Nach dem metallischen Knallen des Fallbeils als Ouvertüre kommen Hans und
Sophie Scholl ins Bild: Von vorn betrachtet in grauen Kästen kauernd, von
oben betrachtet in einen Bilderrahmen drapiert. Fliegende Kameraaugen und
das Ineinanderblenden von Nahaufnahmen und Totalen entwickeln höchst
elegant einen optischen Sog in die innere Bilderwelt der Geschwister, eine
äußere Handlung wird nicht benötigt.
Zu erleben sind Traumsequenzen, todesängstliche Assoziationen,
Hoffnungsblitze, Anklagen, private Erinnerungen – Hans und Sophie tanzen
wie Bohemiens zu einem Billy-Holiday-Song – und realistischen Spielszenen,
etwa Verhöre durch die Gestapo; oder wie Sophie „Freiheit“ auf eine Wand
pinselt, und dies fix auch auf monumentalen Nazibauten prangt. Historische
Verweise werden eingeblendet, etwa der Erlass zur systematischen Ermordung
von Kranken, und es regnen grob gezeichnete Menschenleichen vor
Industrieschornsteinen herab.
Die ständigen Zeit-, Gedanken- und Themensprünge sind stets auch formale
Sprünge. Eben sonnt sich Sophie noch in eisigem Neonröhrenlicht, schon
streichen ihre nackten Zehen durch Blumenerde, ihrer Hand entwächst eine
weiße Rose. Die Bildachse kippt, der Spielraum öffnet sich zum Himmel, an
dem mit Hakenkreuzen versehene Flieger vorüberziehen; erneutes Kippen der
Bildachse: Nun blickten wir hinab, Bomben prasseln auf die Sängerin nieder
– Schnitt –, penetrieren ihren zum Schreien aufgerissenen Mund.
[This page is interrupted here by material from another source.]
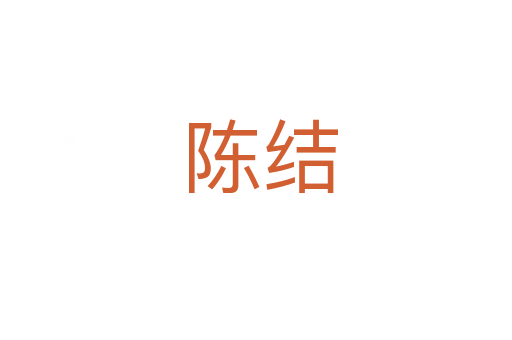 陈结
Sie sinkt in Zeitlupe nieder, Gitterstäbe werden vors Bild gemalt, im
verzerrten Marschrhythmus stampfen Kriegerstiefel vorüber. „Überfall der
Wehrmacht auf Polen September 1939“ ist eingeblendet. Sophie tanzt als
Scherenschnittmädchen vorüber, wird erschossen – ins Schwarz-Weiß-Grau
schleichen sich ein blutroter Fleck und ein Wolf mit Hakenkreuzaugen.
## Abstraktion von der Bühnenkunst
Klingt pathetisch, ist pathetisch, auch simplifizierend. Wenn es nur diese
Comicebene gäbe, könnten die erwähnten Trivialisierungs-Vorbehalte in
Stellung gebracht werden. Aber das Comichafte ist hier nicht plump dem Werk
aufgesetzt, um Aussagen auf den Punkt zu bringen.
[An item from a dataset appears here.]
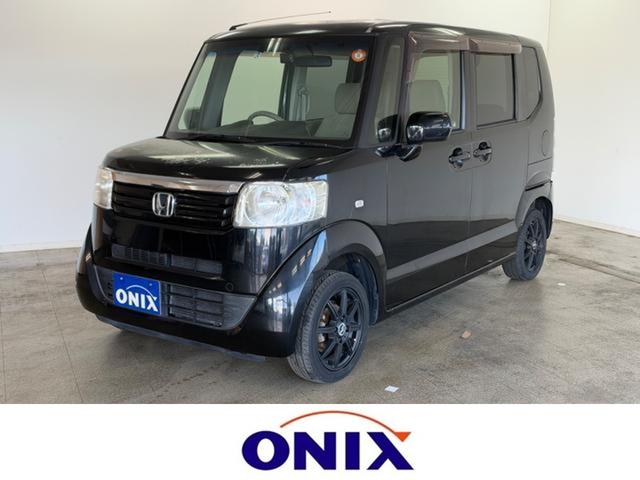 Honda N-BOX G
Faszinierend gleichrangig ergänzen sich vielmehr Hoch- und Popkultur.
Herausfordernd verschmelzen die dissonanten Klangballungen und feinen
Vogelflötentöne der Musik mit hochgepeitschten, von Intervallsprüngen
zerrissenen Gesangslinien, den mal surreal abdriftenden, mal agitierenden,
mal liebessehnsüchtigen Texten sowie dem eindringlich theatralen Spiel des
Gesangsduos und den zuspitzenden grafischen Elementen. Diese Produktion ist
eines der besten Corona-Angebote der Theater im Norden, gerade weil sie
komplett von der Bühnenkunst abstrahiert. Bösch wagt eine eigenständige
videokünstlerische Inszenierung – und gewinnt.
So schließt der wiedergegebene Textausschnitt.